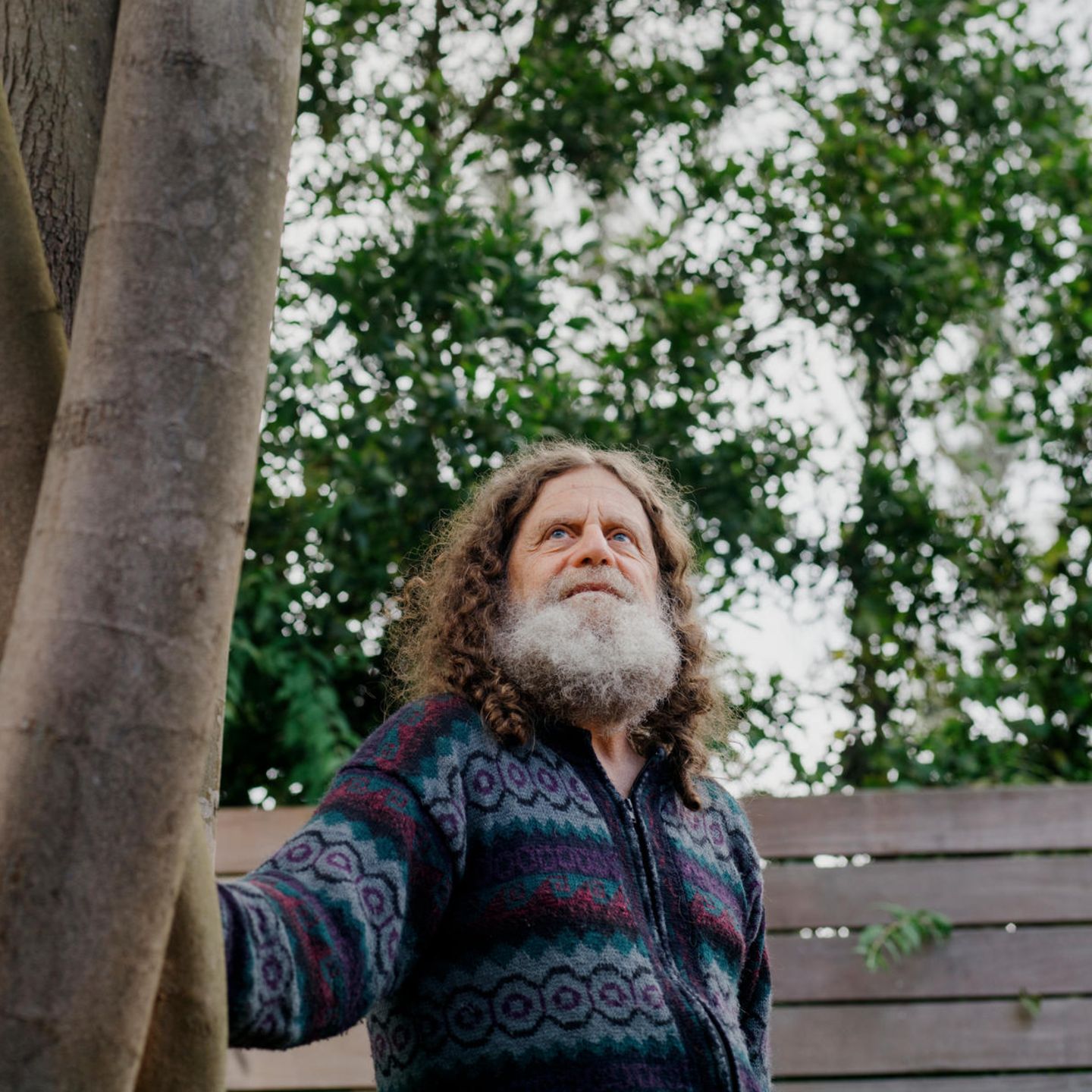 Neurowissenschaftler Robert M. Sapolsky steht leicht angelehnt an einem Baum.
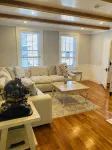STAY IN THE HEART OF NEWPORT! - Bungalows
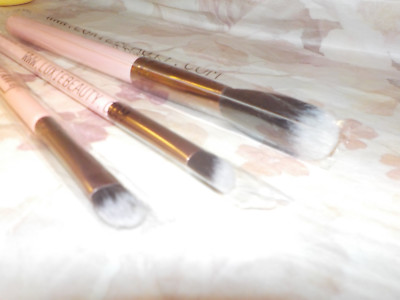 3 Luxie Beauty Brush Set Receive one of each   ''Best Deal for 3''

> _ACTIVITY_:
Leave the pictures out and transcribe the remaining material exactly.

> _TASK RESPONSE_:
 Neurowissenschaftler Robert M. Sapolsky steht leicht angelehnt an einem Baum.
STAY IN THE HEART OF NEWPORT! - Bungalows
 3 Luxie Beauty Brush Set Receive one of each   ''Best Deal for 3''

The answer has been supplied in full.